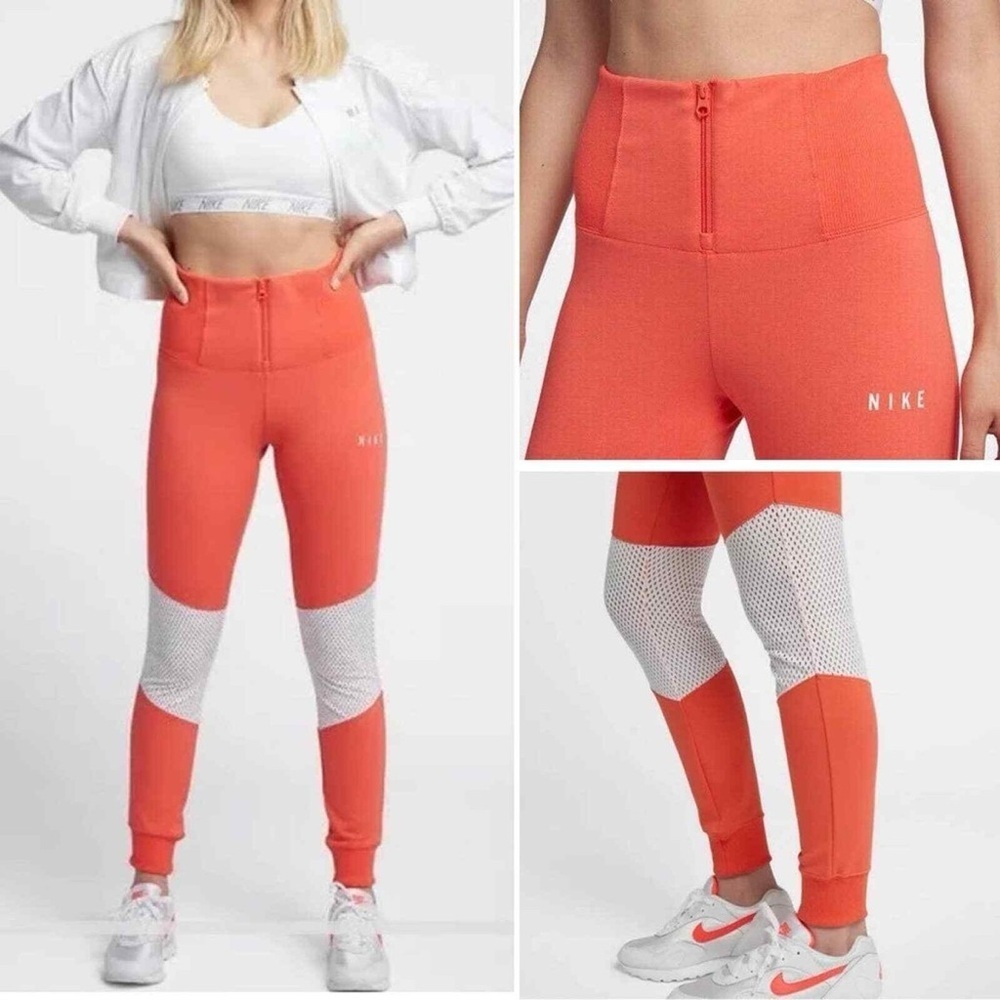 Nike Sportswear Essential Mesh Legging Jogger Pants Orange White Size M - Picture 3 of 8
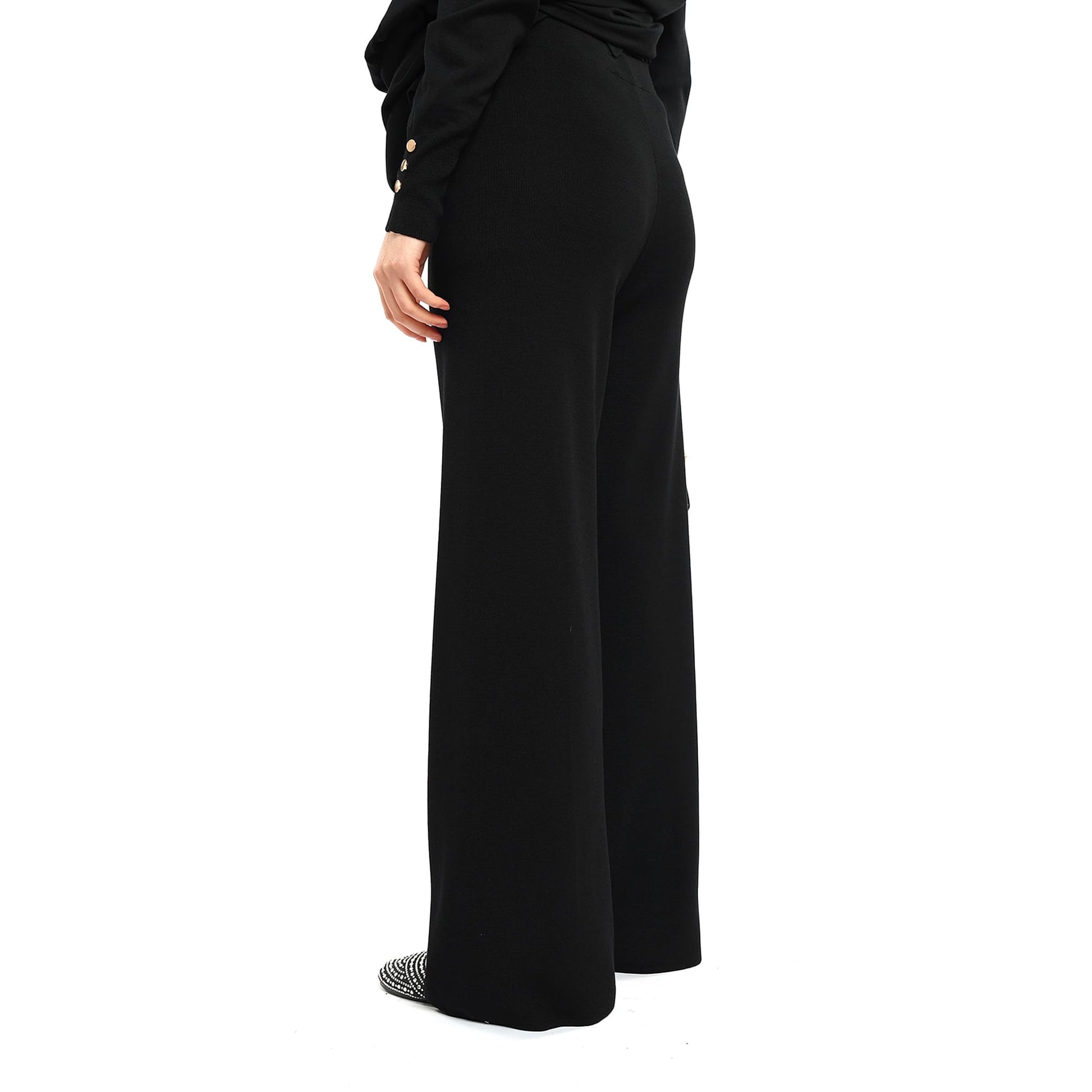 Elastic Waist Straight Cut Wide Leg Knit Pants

━━━━

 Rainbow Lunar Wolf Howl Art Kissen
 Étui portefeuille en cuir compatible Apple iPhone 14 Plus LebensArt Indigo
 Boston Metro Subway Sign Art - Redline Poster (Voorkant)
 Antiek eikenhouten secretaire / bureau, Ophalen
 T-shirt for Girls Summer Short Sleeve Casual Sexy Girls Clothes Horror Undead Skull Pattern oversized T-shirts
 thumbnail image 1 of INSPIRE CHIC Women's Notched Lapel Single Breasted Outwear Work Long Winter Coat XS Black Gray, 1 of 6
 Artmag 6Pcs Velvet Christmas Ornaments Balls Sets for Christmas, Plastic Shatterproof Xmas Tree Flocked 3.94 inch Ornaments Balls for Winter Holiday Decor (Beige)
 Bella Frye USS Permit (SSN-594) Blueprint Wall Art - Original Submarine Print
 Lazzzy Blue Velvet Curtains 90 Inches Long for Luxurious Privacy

━━━━

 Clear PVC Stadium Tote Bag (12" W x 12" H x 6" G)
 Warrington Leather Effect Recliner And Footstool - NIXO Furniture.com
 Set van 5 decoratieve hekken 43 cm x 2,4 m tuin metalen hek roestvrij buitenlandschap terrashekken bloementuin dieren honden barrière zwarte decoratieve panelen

━━━━

§ TASK DIRECTIONS: Wherever "Long" appears in a line of the entries, copy that line.

§ SOLUTION FOR THIS EXERCISE:
 thumbnail image 1 of INSPIRE CHIC Women's Notched Lapel Single Breasted Outwear Work Long Winter Coat XS Black Gray, 1 of 6
 Lazzzy Blue Velvet Curtains 90 Inches Long for Luxurious Privacy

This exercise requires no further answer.